The thing is, though, Google gets away with this because they hire the best of the best, and the best of the best can manage themselves pretty well. Most programmers are nowhere near as talented as the ones working at Google, they're the ones who need to be supervised. Managers are for programmers who write code that ends up on The Daily WTF, which is many of them.
I suspect that's what's going on here. Of course a bunch of MIT students can just hop on a project and be productive, that's why they're going to MIT. This result does not apply to the world at large.
Having said that though, I bet some of the techniques they used would apply to the world at large. I for one am going to see what I can learn from this with regards to getting people up-to-speed on new projects.
Dislike the Electoral College? Lobby your state to join the National Popular Vote Interstate Compact.
They all worked on small projects. Where the mythical man-month applies is in the combined effort on a large, sufficiently complex project.
You're just quibbling about details. If they can get 40 interns to do 40 small problems quickly, they can certainly get 40 interns to do 10 large problems even faster. Just like 9 pregnant women can make a baby in one month. Or they can keep the original 9 month schedule, but pool their efforts to create one super-huge baby.
I have been a slashdot reader since darn near the beginning (see uid). And I finally have to admit that the quality of information here has seriously gone downhill. As everyone else has rightly pointed out, the article is bogus. They didn't break Brooke's law.
Just yesterday a server I administer which runs a very non-optimized PHP and graphics and database heavy site was linked in a story on the front page. The server barely noticed the load. A hit every other second or so.
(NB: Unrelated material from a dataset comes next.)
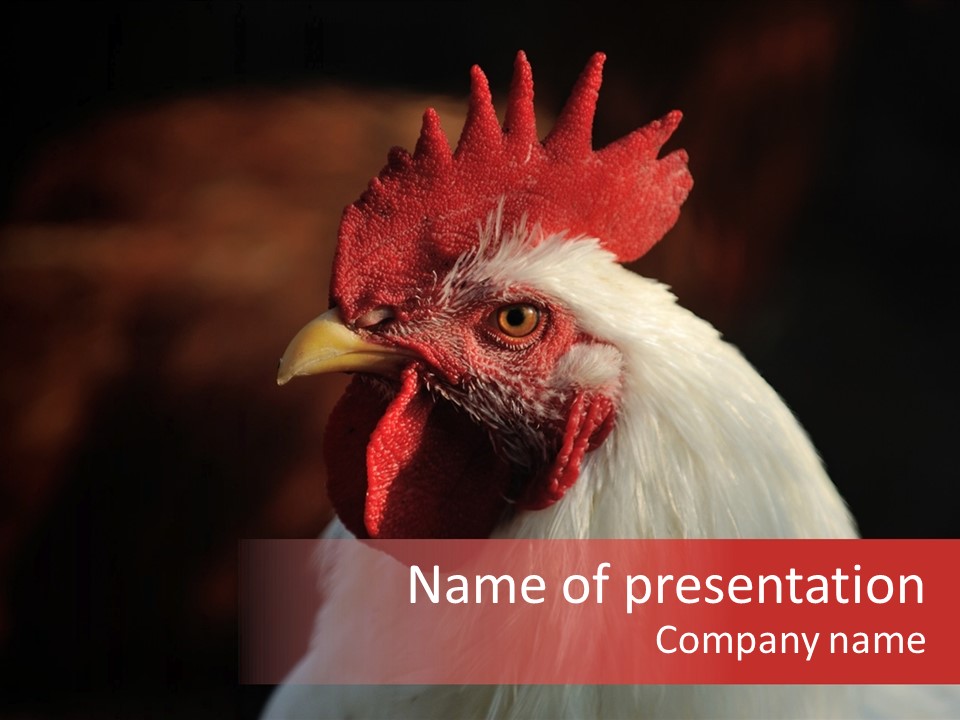 Head Farm Avian PowerPoint Template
And it was a direct link, no coral caching or whatever. I remember a day when slashdot had enough readers to utterly destroy a single server. It looks like a lot of people have taken off. If this continues I may have to take off too. As it is reddit, hackernews, and many other tech news sites with superior content in my rss feed are competing with slashdot for my eyeballs. I may finally have to trim slashdot from the list if this keeps up.
Someone hand that guy a modpoint or two, because adding manpower to a late project can have beneficial effects. If, and only if, it is done sensibly.
Hire someone who makes sure the programmers have all the pizza and egg rolls they need so they ain't going to be distracted by having to call the pizza place for one. You all know how much time is killed with you get interrupted by something important. Like, say, a rumbling stomach. It takes ages to get back into the code afterwards.
But more sensibly, fire all the paper pushers and hire project managers worth their salt. And I don't mean "idiots that can set arbitrary milestones". We got plenty of those. A good project manager makes or breaks the project. What I need from a project manager is:
1) Making sure I have the hardware and software I need. Not "the company thinks I need". The ones I need.
2) Making sure external sources keep their deadlines or route around those bottlenecks. Know what makes most of my software late? That I finish my modules only to hear "uh... testing can't commence, we're waiting on something from X." A good PM knows that BEFORE it happens and tells you to drop that module and work on this one instead, because the guys at Y are done and we could start testing that part instead.
3) Most important: SHIELD ME FROM POINTLESS MEETINGS and go there for me. And there, his answers are "no". "Can't do that". And "has to be done on your end". I.e. the crap I usually get to hear in those meetings.
If necessary, hire more PMs. Not more programmers.
We used to have a Bill of Rights. Now, with the rights gone, all we have left is the bill.